A TSF, a rádio cujo trabalho jornalístico sempre considerei praticamente perfeito, a rádio portuguesa que sempre demonstrou rigor, qualidade e exigência no plano da informação, publicou esta manhã este insulto no seu site. Qual foi a reacção da direcção do clube de Alvalade? Nenhuma. Sim, a TSF ou o jornalista\editor em questão gozou declaradamente com o símbolo de uma instituição secular de utilidade pública. Sim, a TSF fez troça de uma instituição que tirou milhares de meninos da rua e os transformou em homens de sucesso e fortuna. Sim, a TSF troçou e a direcção de Godinho Lopes manteve-se calada.

O balão de oxigénio.

O parvalhone do Conselho Leonino que costuma ir aos programas de comentários desportivos da SIC Notícias teve o azar de proferir essas infelizes palavras. Balão de oxigénio é ganhar ao Benfica? Não. Balão de Oxigénio seria perder ou ganhar ou até empatar com o Benfica e ainda estar em condições de lutar pelo título. Balão de Oxigénio seria ter o Sporting na fase final da Liga Europa depois de ter sido eliminado num grupo com equipas onde tínhamos mais que obrigação de vencer todos os jogos. Balão de oxigénio seria vencer ao Videoton em vez de levar 3 secos em cheio. Balão de oxigénio seria perdurar na Taça e fazer o melhor possível na Taça da Liga. Balão de oxigénio para o Sporting seria manter a sua dignidade. Balão de oxigénio seria a saída desta direcção. Balão de oxigénio teria sido dar condições a Domingos, a Sá Pinto e a Franky Vercauteren para fazerem o seu trabalho sem toda esta pressão advinda dos resultados. Balão de oxigénio seria ver o Sporting a perder, a perder sim, mas com honra. Balão de oxigénio seria os jogadores poderem dar tudo em campo.

E Vercauteren disse.

Que mostrámos que poderiamos ganhar ao Benfica? Como? Desculpe? Falamos de um Sporting que desde o jogo das meias finais da Liga Europa contra o Bilbau apenas ganhou por 2 vezes em casa. Falamos de um Sporting que esteve 15 jogos sem ganhar. Falamos de um Sporting que está a investir 40 milhões numa época para nada.

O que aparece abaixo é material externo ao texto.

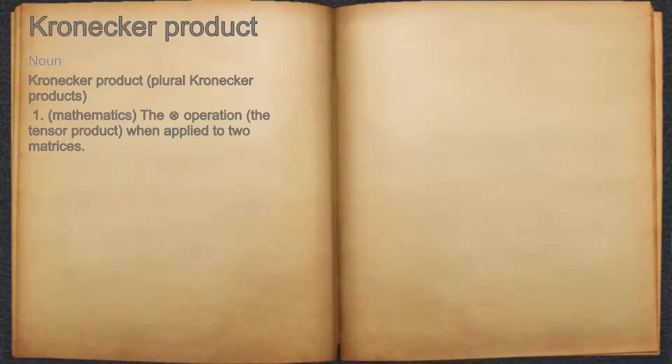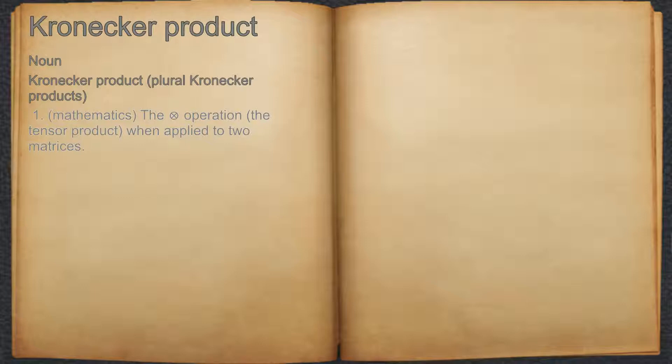Kronecker product. Noun 1. Mathematics: the operation of the tensor product when applied to two matrices.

Sim, porque estar em 9º lugar a 18 pontos dos 1ºs, eliminados da UEFA, eliminados da Taça é o pior dos cenários possíveis, que, acompanhado de outros cenários dantescos (o mau futebol e o mau profissionalismo do plantel; o amadorismo, as falhas de gestão e de ambição de uma direcção às aranhas) faz deste clube um autêntica selva.

O Clássico.

Uma 1ª parte de honra que salva a má figura da 2ª. Um Sporting minimamente dominador, a cometer alguns erros na transmissão de jogo, mas ciente de um plano de jogo que teria que passar pelas alas. Duas ou três boas arrancadas de Capel pela esquerda e outras tantas de Carrillo pela direita. Rojo e Bouhlarouz lá atrás não complicavam. Um golo interessante daquele coxo que apanhámos numa rua de Utrecht. E que é que os jogadores do Sporting fizeram? Recuaram. Deram a posse de bola ao Benfica. Veio o livre de Cardozo, primeiro sinal. O cabeceamento de Cardoso, segundo sinal. Sofrimento. Intervalo. O resto, Benfica, tirando a situação em que o Sporting desperdiça o 2-0 por 2 vezes na cara de Artur por intermédio de Elias e Insua atira ao poste quando o jogo estava 1-1. Vieram Cardozo, Lima, Melgarejo, veio a vontade de vencer. E Bouhlarouz, aquele mítico central do qual nunca vi uma equipa onde jogasse ganhar o quer que fosse, mete mão à bola quando tinha tudo para cortar de cabeça e dá a vitória ao Benfica. Vitória justíssima.

Rua com eles todos.

Rojo mete nojo. Não consigo perceber como tem lugar na selecção argentina. A titular, ainda por cima. Bola vem, bola vai. Alivia para qualquer lado, nem que seja para os pés do adversário. É imaturo, é pouco dotado tecnicamente, é pouco inteligente e mais uma vez não acertou nas marcações. Cardozo entre Rojo e Bouhlarouz fez o que quis no lance do empate.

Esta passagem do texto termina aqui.